Das sind die Auslöser

Bei den meisten Gichtpatienten besteht eine erbliche Veranlagung zu einem erhöhten Harnsäurespiegel, doch daneben gibt es zahlreiche Auslöser, die die unangenehmen Beschwerden verursachen können. Zu ihnen zählen Krankheiten wie Diabetes, eine energiereiche Ernährung, Übergewicht, aber auch radikale Fastenkuren. Oft leiden die Betroffenen zudem an einer Fettstoffwechselstörung und Bluthochdruck.

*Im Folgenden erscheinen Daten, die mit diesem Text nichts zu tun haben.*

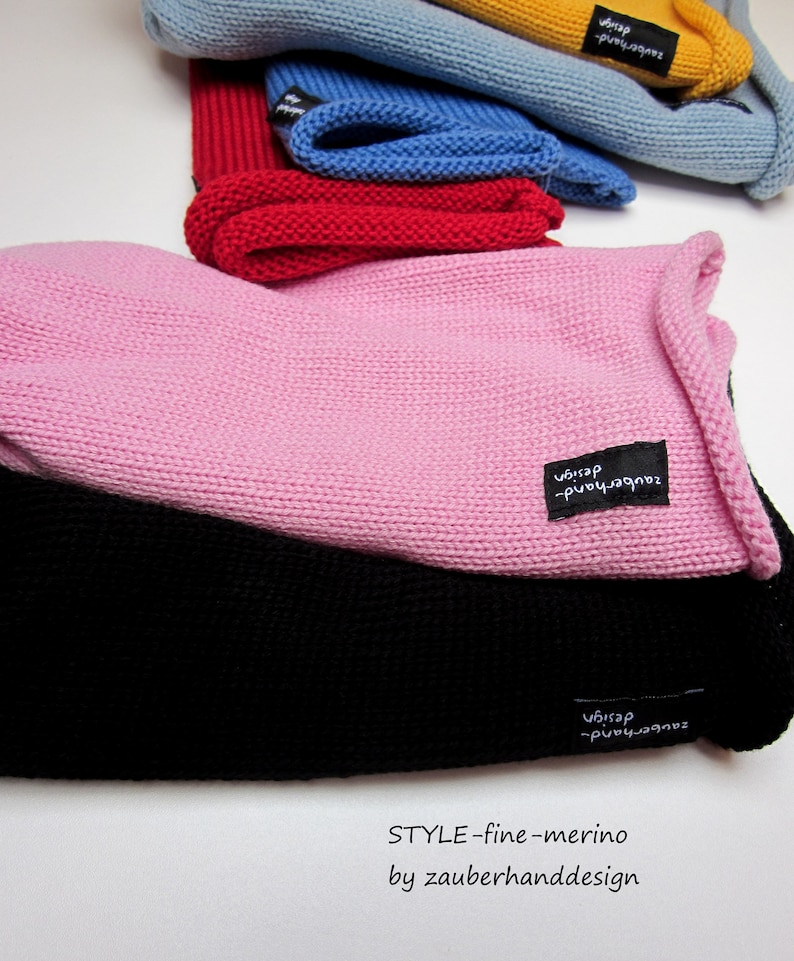 Könnte beinhalten: Eine Sammlung von gestrickten Mützen in verschiedenen Farben wie Pink, Schwarz, Rot, Blau und Gelb. Jede Mütze hat ein kleines schwarzes Stoffetikett mit dem weißen Text zauberhand-design. Der Text STYLE-fine-merino by zauberhanddesign ist sichtbar.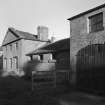 Edenwood Steading: View of dairy, byre, store, turnip house and cart shed from SW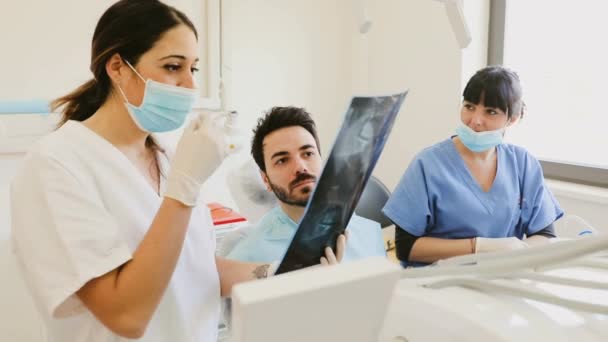 Οδοντίατρος Που Εξηγεί Την Εικόνα Ακτίνων Ασθενή — Αρχείο Βίντεο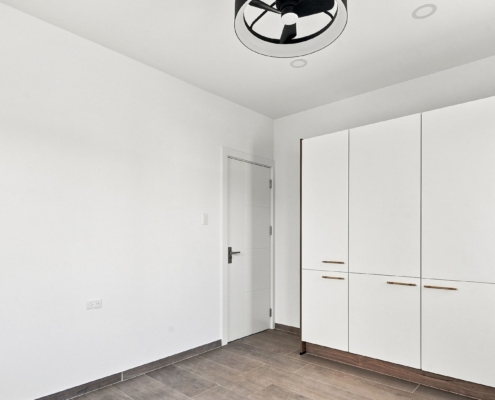 Reina Sophia Model Luca Unit 36 Interior Reina Sophia Model Luca Unit 36 interior in Aruba with white built-in wardrobes, a doorway, tiled flooring, and white walls.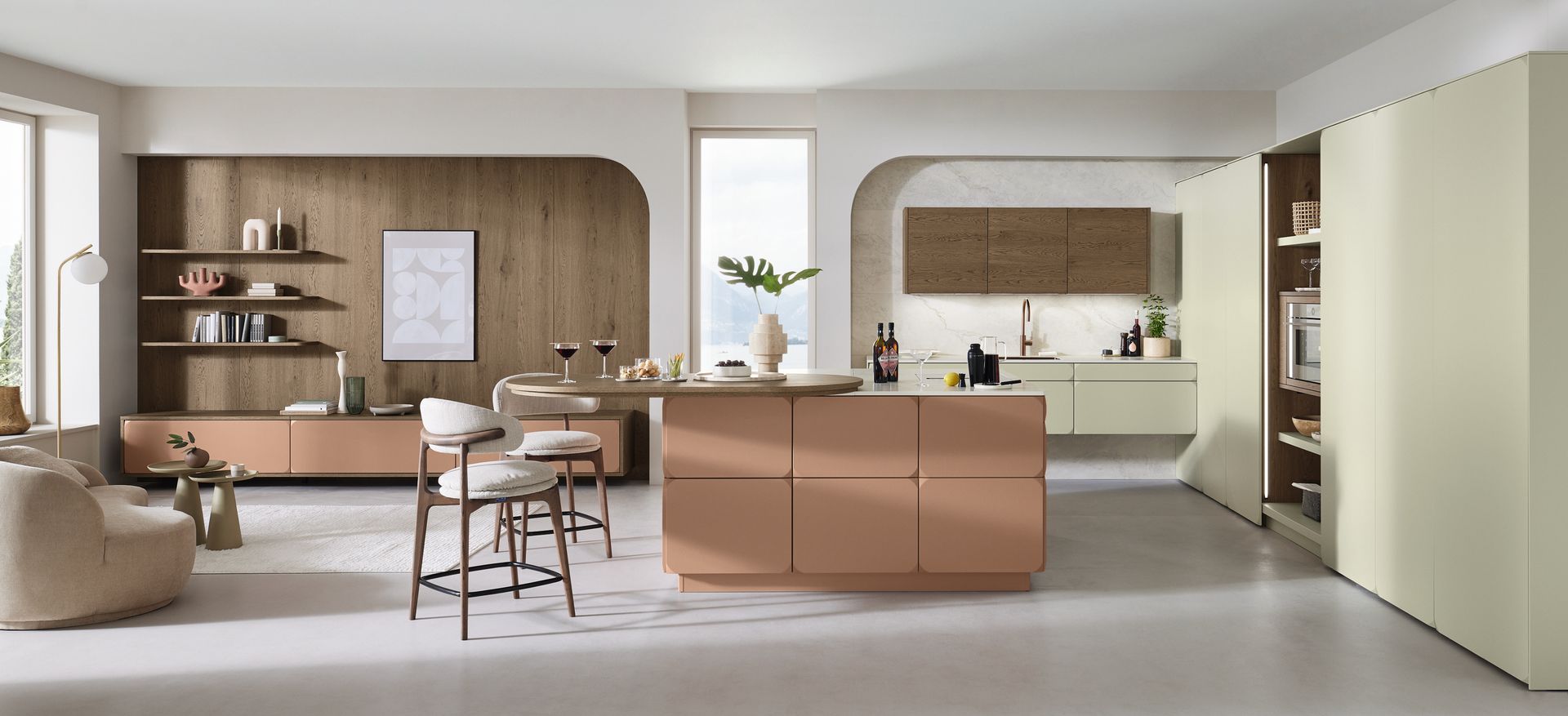 Cuisine ouverte avec îlot central couleur pêche, éléments en bois et table à manger avec tabourets.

Während Goethe und den adeligen Gichtkranken nichts weiter blieb, als die Zähne zusammen zu beißen, ist heute mit einer Kortisonspritze, entzündungshemmenden Antirheumatika und Medikamenten wie Colchicin, dem Wirkstoff der Herbstzeitlosen, der Horror meist schnell vorüber. Allerdings sollte das die Betroffenen nicht leichtsinnig werden lassen. Nur wer konsequent durch eine angepasste, purinarme Ernährung und konsequent eingenommene Medikamente seinen Harnsäurespiegel senkt, kann weiteren Schüben vorbeugen. Das Fatale daran: Ein zu hoher Harnsäurewert macht sich zunächst einmal nicht bemerkbar. Meist bemerken ihn die Gichtkranken erst durch einen weiteren schmerzhaften Schub.

Das hilft im Akutfall

Um den akut zu lindern hilft es, das betroffene Gelenk hoch zu lagern, es zu kühlen und neben einer purinarmen Ernährung zudem viel zu trinken. Für üppige Mahlzeiten ist dann ein ebenso schlechter Moment wie für plötzliche Fastenkuren. Vorbeugend kann sich eine Gewichtsreduktion günstig auswirken. Hilfreich kann dabei regelmäßiger Sport sein, der zudem einen anderen positiven Nebeneffekt hat: Er senkt den Harnsäurespiegel.